There are lots of posts about how to get a listing of all your cron jobs for all users that run on a machine. It is very easy to accidentally schedule resource intensive tasks at the same time and kill performance. Manually moving cron jobs to different servers can also create conflicting or duplicate tasks. Cron tasks running on multiple servers also can make debugging difficult. Debugging cron tasks usually means tailing/greping text logs. There is also no easy way to know that a task that used to take 1 minute is now taking 10 minutes.
The crontab scheduling syntax is elegant but does leave lots of room for errors by new sysadmins, or even experienced. Personally I like to add a comment for each line with the syntax of when the task is to run is spelled out in English and a description of what the task does. There are lots of cron tab generators and decoders online. For example https://crontab-generator.org/ and https://freeformatter.com. Just paste a mysterious cron entry into the decoder to get an explanation. When remediating sprawling crontabs it is not unusual to find tasks that should run once a month running everyday unintentionally.
Another annoyance of using cronjobs is being able to manage shutting down the tasks because of maintenance requirements. If the devops team is in the middle of performing an upgrade, we would want to ensure that cron tasks are not also running at the same time and which ones need to run after the maintenance event.
Fortunately, there is a terrific tool to solve all these problems with cron. The solution is Rundeck (https://www.rundeck.com/) . Rundeck can be deployed as a free open source version or it can be deployed as a paid enterprise version with support.
Rundeck provides a web based portal where less technical users can manage the scheduling of tasks. The web portal allows users to ‘self service’ tasks. The users can create jobs, run jobs, edit jobs and view the output of the jobs logs. This is terrific for audit purposes.

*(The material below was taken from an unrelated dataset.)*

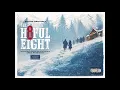 The Hateful Eight (Official Soundtrack) — Overture — Ennio Morricone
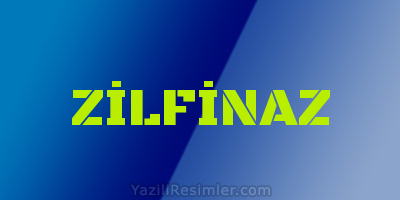 ZİLFİNAZ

RunDeck allows the user to define worker nodes. In the age of cloud, this means that you can spin up multiple worker nodes (ec2 instances) to run specific task with unique resource size attributes. The nodes can be destroyed after the task is completed. This makes it easy to avoid idle cloud images that cost money while ensuring that the instances have the resources that match the task to run on them.

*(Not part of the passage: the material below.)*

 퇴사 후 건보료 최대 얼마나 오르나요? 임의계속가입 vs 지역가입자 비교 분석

The old crontab issue of not being aware that a task did not run for some reason and manually having to figure out why also goes away. Notifications to users are easy to setup so that if a job fails all the relevant users will know immedicately. This is especially user for things like Salesforce integrations where your Talend task dies because of too many rows returned and Salesforce killed your extract.
The jobs can also be defined to pull the scripts for the task from a git repository. This ensures that there is only one source managed copy of each cron task and that everytime it runs it will pull the current version of the script.
With crontab the tasks are listed out under the user’s crontab. Most of the time in the past, the user running the task likely had more access than the task needed. Rundeck supports LDAP authentication as well as LDAP syncronization. I will save integrating JumpCloud with Rundeck for another blog post.
Rundeck also elegantly solve the problems of storing secrets and passwords for integrations in their Key Storage Facility. I will need to explore the potential to integrate Jumpcloud’s SSH key storage with Rundeck’s Key Storage Facility.
There are plenty of resources online on Youtube. Rundeck has many resources online here. The Rundeck community provides plenty of support. I will not repeat instruction on installing or using here.
Your devops team will be happy when all of the crontab tasks are migrated to Rundeck jobs. Visibility to running tasks, notifications and self service will make your technical users happier and productive.